### Study material
((

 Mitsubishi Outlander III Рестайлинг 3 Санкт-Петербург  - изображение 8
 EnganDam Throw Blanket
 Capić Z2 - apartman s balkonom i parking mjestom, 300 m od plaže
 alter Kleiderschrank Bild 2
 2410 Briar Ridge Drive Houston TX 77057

))
((

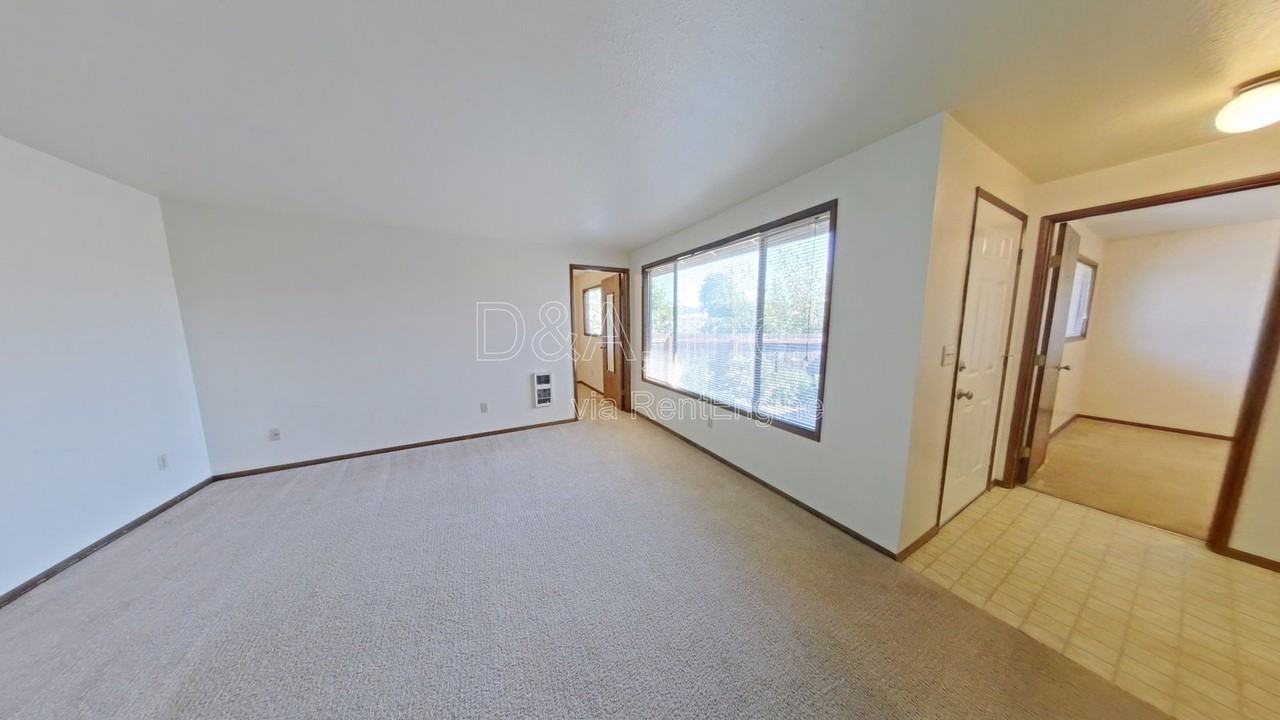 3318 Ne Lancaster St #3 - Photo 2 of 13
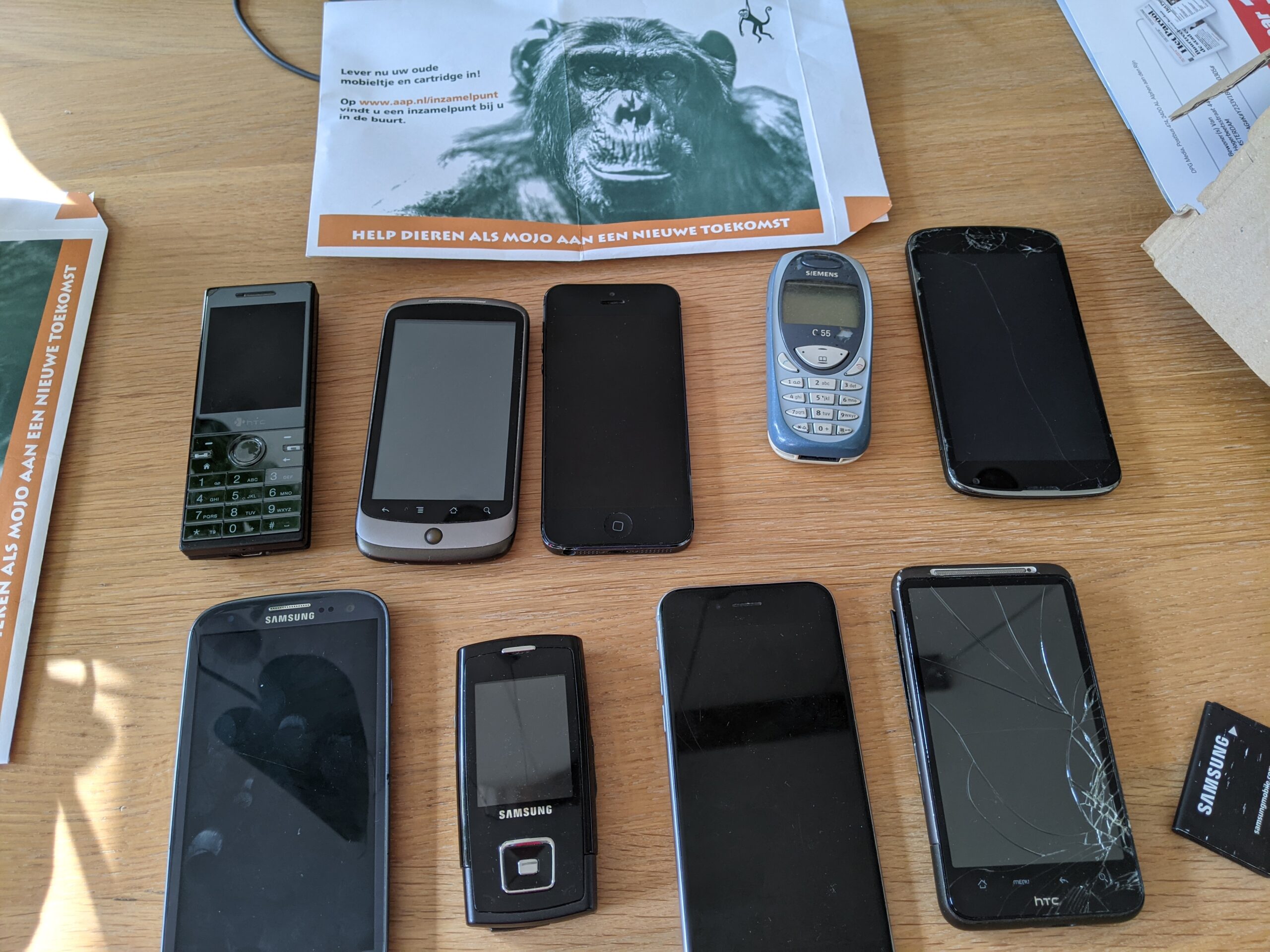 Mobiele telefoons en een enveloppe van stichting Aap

))

### What this task involves
Would you print exactly and only the lines of the material above that run from the line with "alter Kleiderschrank Bild 2" through the line with "2410 Briar Ridge Drive Houston TX 77057", both included?

### Solution for this task
 alter Kleiderschrank Bild 2
 2410 Briar Ridge Drive Houston TX 77057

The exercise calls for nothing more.